Autosomal dominant polycystic kidney disease (ADPKD) is the most common inherited renal disease, with 50-75% of these patients requiring renal replacement therapy (RRT). The outcome of peritoneal dialysis (PD) in ADPKD with end-disease renal disease (ESRD) is not clearly defined, more so in developing countries. We conducted a retrospective analysis of the outcomes and economics of PD in these ESRD patients and compared them with other causes of ESRD on PD. Data were reviewed of all the PD patients who were followed-up at our institute from January 2007 to December 2011. The inclusion criteria were ADPKD patients who chose PD as the dialysis modality (Group 1), while age and gender-matched ESRD (other than ADPKD) patients who were started on PD during the same period were considered as the other group (Group 2). A total of 26 ADPKD patients underwent PD with an average size of kidneys among ADPKD ESRD patients of 15.2 + 2.1 cm. The overall peritonitis rates were similar among the compared groups. The median survival for the first peritonitis episodes were 1.2 and 1.8 years (95% confidence interval 0.82-1.91) for the control and ADPKD groups, respectively. The overall patient survival was 22 among PKD while five patients died among the control group. Among PKD, one patient died due to intra-cerebral bleed while one patient had severe cyst hemorrhage and infection, while three others had peritonitis and sepsis. Hernia was observed in four ADPKD patients, once on PD that was surgically corrected and PD was resumed in all. Two patients lost the catheter due to peritonitis while one patient had membrane failure while one underwent surgical exploration due to diverticulosis. PD treatment was not prevented by voluminous kidneys in any of these patients and no patient ceased PD treatment due to insufficient peritoneal space. Besides this, the cost on PD was much less as compared with that on hemodialysis (HD). PD is a reasonable mode of RRT among ADPKD, where HD is not possible or contraindicated with lesser risks to bleeding and infections, and the cost benefit favoring PD in general.

How to cite this article:
Kaul A, Bhadhuaria D, Prasad N, Gupta A, Sharma R K. Is CAPD a viable option among ADPKD with end stage renal disease population in India? Its outcomes and economics. Saudi J Kidney Dis Transpl 2015;26:906-11

How to cite this URL:
Kaul A, Bhadhuaria D, Prasad N, Gupta A, Sharma R K. Is CAPD a viable option among ADPKD with end stage renal disease population in India? Its outcomes and economics.
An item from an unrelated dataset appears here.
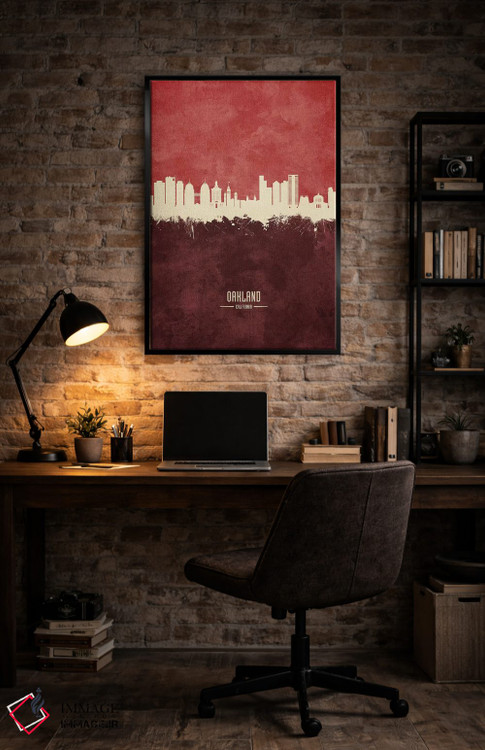 تابلو دکوراتیو منظره اوکلند کالیفرنیا با رنگ زرشکی اثر مایکل تامپست - D3B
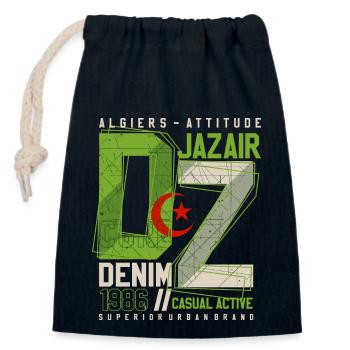 URBAN DZ - Closable cotton gift bag (14x20cm) - navy - Front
Saudi J Kidney Dis Transpl [serial online] 2015 [cited 2022 Dec 4];26:906-11. Available from: https://www.sjkdt.org/text.asp?2015/26/5/906/164570

   Introduction Top


Autosomal dominant polycystic kidney disease (ADPKD) is the most common inherited renal disease, accounting for about 3% of cases of end-stage renal disease (ESRD) in the United States [1] and 8.2% of all patients above 40 years with ESRD in India.2 The most commonly opted mode of dialysis in these patients is hemodialysis (HD), followed by peritoneal dialysis (PD).

Life expectancy among the patients with ADPKD undergoing HD appears to be superior to that of patients with other causes of ESRD, possibly due to a lower incidence of coronary artery disease in these generally more healthy patients. [3] However, these patients are at risk to gross hematuria, pain and cyst infections even on HD. [3]

PD is a less often chosen option in ADPKD patients in comparison with that in patients with other forms of ESRD. [4] Such assumptions are based on literature evidences of increased risk for abdominal wall hernia and peritoneal leaks [5] and increased risk of gram-negative peritonitis, owing to an increased incidence of diverticulitis in ADPKD patients with ESRD and reduced the available effective peritoneal surface area.

The outcome of PD in ADPKD with ESRD is not clearly defined. Despite the possible increased risk of complications of PD in this subset of ESRD population, the adjusted survival benefit is favorable as compared with patients with other causes of ESRD. [4] The recent encouraging reports of success of PD in the ADPKD population showed no difference in long-term outcome as compared with the non-diabetic matched control group, [6],[7],[8] adding to the hope of its utility in this subset of patients.

There is paucity of data on the outcome and economics of PD, especially from developing and resource-poor countries like India, where PD could be a viable option because of good family support and less number of HD centers, localized mainly to major cities.

Because economic evaluation stands a useful tool in the planning and operation of a healthcare program, especially in developing countries like India where resources are self-generated, unlike developed countries where insurance companies bear the budget. Hence, we conducted an observational study to analyze the outcomes of PD in these ESRD patients in comparison with patients with other causes of ESRD on PD. We also analyzed the economics of these patients on PD in comparison with those on HD.


   Methods Top


The study was designed as a retrospective observational study. To study the outcome, we reviewed the records of all the PD patients who were followed-up at our institute between January 2007 and December 2011. The inclusion criteria were ADPKD patients who chose PD as the dialysis modality (Group 1), while ageand gender-matched ESRD (other than ADPKD) on PD during the same period served as the control group (Group 2).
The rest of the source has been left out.